Himbeertorte oder auch Schwarzwälder Kirsch gehören zu den Klassikern des Cafés.
Himbeertorte oder auch Schwarzwälder Kirsch gehören zu den Klassikern des Cafés. © FUNKE Foto Services | Kerstin Bögeholz

Ein Wandel habe sich vollzogen, wenn Kunden für Feiern und Feste bestellen. „Heutzutage sind Formentorten der große Renner“, sagt Cordes. Solche Leckereien kommen dann eben nicht mehr in runder Form daher, sondern sind einer Gitarre, einem Auto oder - eine Oberhausener Spezialität - dem Gasometer nachempfunden, natürlich jeweils in Kleinformat. Darüber hinaus sind auch mehrstöckige Torten gefragt, sagt Cordes und blättert durch ein Fotoalbum, das unterschiedlichste Variationen aufzeigt und wofür der Kunde auch jeweils 100 Euro und mehr zu zahlen bereit ist. Besonderer Beliebtheit erfreut sich zudem, essbare Fotos auf dem Kuchen zu platzieren. Das jeweilige Bild wird dann mit entsprechenden Geräten auf eine Zuckerschicht gedruckt.

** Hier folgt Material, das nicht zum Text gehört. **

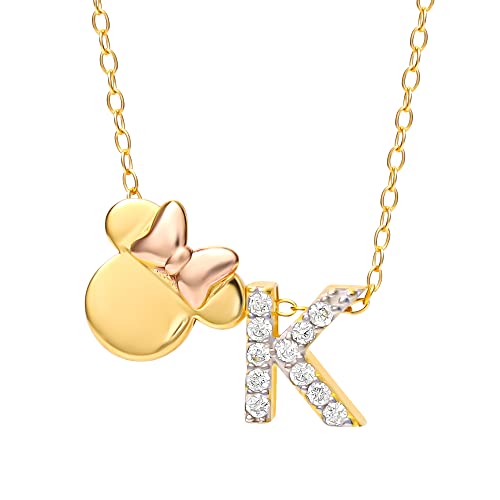 Disney Minnie Mouse Gold Plated Cubic Zirconia Initial Pendant Necklace Disney Minnie Mouse Gold Plated Cubic Zirconia Initial Pendant Necklace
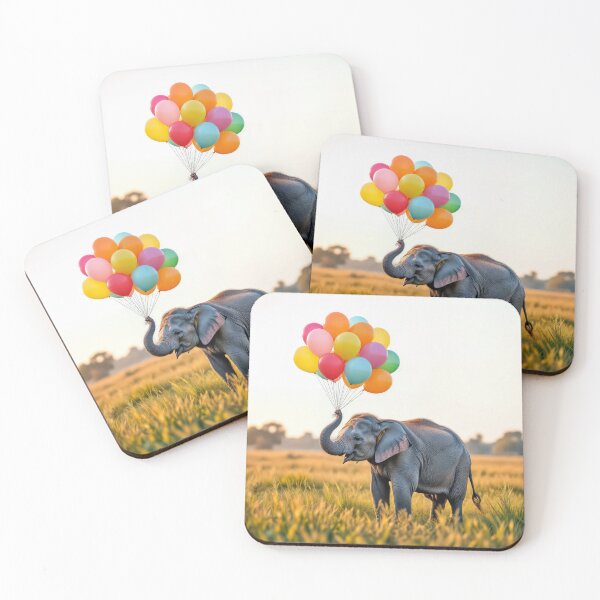 Item preview, Elephant Holding a Bouquet of Colorful Balloons designed and sold by Maria Dryfhout.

Konditoreien werden weniger: Landesinnungsmeister nennt Gründe

Die vielfältige Arbeit in der Konditorenstube an der Steinbrinkstraße erledigen inzwischen vier Kräfte. Hubert Cordes ist nach wie vor noch dabei, ebenso packen ein Geselle, seine Tochter Angelika Cordes, ebenfalls Konditormeisterin, und zwei Gesellinnen mit an. Die Zeiten, in denen der Beruf als Männerdomäne galt, sind längst Geschichte. Frauen haben das Konditorwesen für sich entdeckt, das sehe man auch in den Berufsschulklassen, wo doch junge Frauen überwiegen würden.

Dass im Laufe der Jahre nun die Zahl der Konditoreien erheblich geschrumpft ist, hat nach Einschätzung des Landesinnungsmeisters vor allem zwei Gründe: Das Angebot von tiefgefrorener Ware hat sich immer stärker etabliert. Die allermeisten Lebensmittelläden halten ein vielfältiges Sortiment vor, beim Einkauf greifen die Kunden zu, müssen nicht noch mal eigens ein weiteres Geschäft aufsuchen. Darüber hinaus sind insbesondere die Bäckerei-Ketten dazu übergegangen, großzügig Kuchen und Torten mit ins Programm aufzunehmen.

Das Café Cordes hat derweil einen festen Kundenstamm, der dem Betrieb die Treue hält. An Markttagen bekommt man kaum ein Bein an die Erde, so proppenvoll ist es. Wobei die Speisekarte des Cafés sich auch schon längst gewandelt hat: Mittags gibt es hier auch warme Mahlzeiten.

>>>Konditoreien: Noch ein Betrieb an der Marktstraße

Der Traditionsbetrieb im Oberhausener Stadtteil Sterkrade beschäftigt insgesamt 22 Mitarbeiterinnen und Mitarbeiter.

Bei der weiteren Konditorei handelt es sich um den Betrieb von Jochem Bauer, der das gleichnamige Café an der Marktstraße betreibt.

Auf Landesebene ist die Zahl der Konditoreien in den vergangenen Jahren von 500 auf 278 zurückgegangen.

Zu kämpfen haben die Betriebe, wie der Landesinnungsmeister erklärt, mit einem zunehmenden Aufwand an Bürokratie. Gesetze schreiben in wachsendem Maß umfangreiche Dokumentationen vor, von Inhaltsstoffen bis hin zu Kühltemperaturen.